In the days immediately preceding the opening of the session the new Democratic senators, fresh from the people, held numerous conferences, and into these conferences other senators holding similar views, such as Shively of Indiana and Stone of Missouri, were drawn. There was much to consult about. The rank and file of the party throughout the country had not been satisfied with the character of the Democratic opposition to the Payne-Aldrich tariff bill, which had been secondary to that of the Republican rebels. During the long years of Democratic defeat there had developed among the Democratic gray beards of the senate an exotic known as the “White House” senator—the man whose party militancy had been softened into mushiness through the influence of social and patronage favors. There were others thought to be on too intimate terms with the Republican oligarchy dominated by Aldrich. Flowers over the garden wall had become too common.
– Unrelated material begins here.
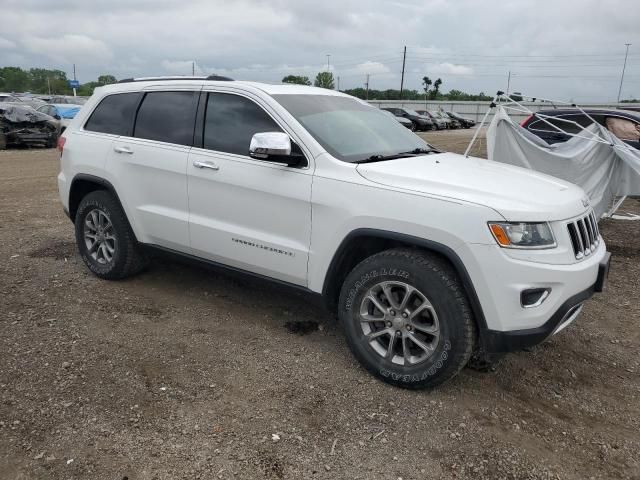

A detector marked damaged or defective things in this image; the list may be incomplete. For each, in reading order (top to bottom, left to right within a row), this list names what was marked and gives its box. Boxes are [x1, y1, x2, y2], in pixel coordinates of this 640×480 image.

damaged vehicle [0, 103, 59, 149]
In brief the masses of the Democratic party were demanding a far more aggressive and uncompromising party policy than had been in evidence in a number of years. And practically all of the new senators, fresh from the people, shared heartily in these views.

But the method of impressing their views upon the Democratic membership of the senate presented a problem. Under the antiquated rules and practices, sustained by the pernicious rule of seniority, which held that new senators should be seen and not heard for an indefinite period, the old regime would arbitrarily determine committee assignments and, largely, caucus action. And they were practical politicians—these new men. They were not in the least awed by the atmosphere of the capitol. And they understood perfectly that if they were to get a “place in the sun” for the policies they stood for they would have to fight for it. This they determined to do.
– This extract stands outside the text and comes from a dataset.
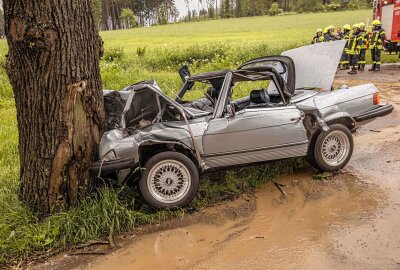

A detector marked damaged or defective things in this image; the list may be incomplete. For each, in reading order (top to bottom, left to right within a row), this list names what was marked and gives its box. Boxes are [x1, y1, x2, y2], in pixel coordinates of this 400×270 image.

From the beginning these new men gathered around Senator Kern, who was not only the oldest man among them, but the best known nationally. Day by day groups gathered in his offices, and without in any sense claiming it he found himself in the position of counselor of the militant progressives—the exponents of the new deal. His forty years of active participation in the hard-fought political battles of the doubtful state of Indiana gave assurance of a safe leadership; and his very name was a symbol of the policy these new men proclaimed.
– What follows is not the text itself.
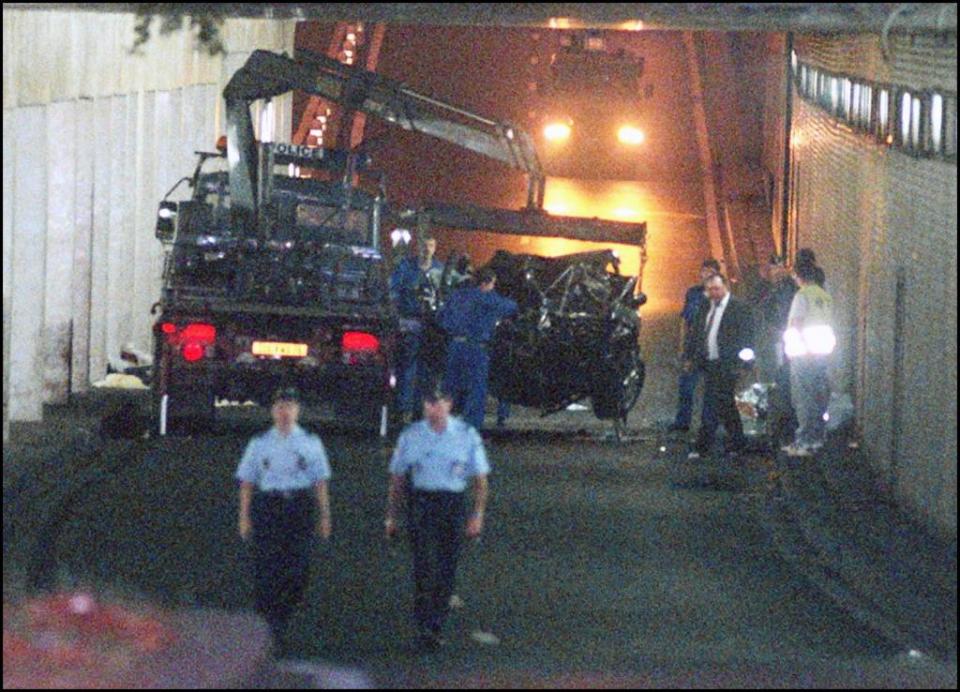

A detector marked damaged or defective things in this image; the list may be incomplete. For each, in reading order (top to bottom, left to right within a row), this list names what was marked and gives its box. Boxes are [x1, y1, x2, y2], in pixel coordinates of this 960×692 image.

crashed black car [424, 249, 648, 422]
The fight came in the election of the caucus leader, whose power to name the committee on committees made him in a large sense the determining factor in deciding the general tone of the Democratic side of the senate. Senator Martin of Virginia, who had been the leader and expected to retain the leadership, was generally looked upon as an ultra conservative, and at that very hour a fight was being made against him along progressive lines in the Old Dominion. A man of pleasing personality and unfailing courtesy, the decision to contest his re-election was not predicated upon personal dislike, but upon the fact that he at the time symbolized the old regime, which the new men proposed to pull down. For this purpose Senator Kern presented to the caucus, in opposition, the name of Senator Shively. The vote was a revelation to the “gray beards.” Notwithstanding the vigorous fight made in behalf of the Virginia senator, the peculiar sense of senatorial courtesy, the personal pleas that his defeat would be used unfairly against him in his fight in the primaries of the state, the accessions to the new senators from the old were so numerous that Martin’s majority was not at all gratifying.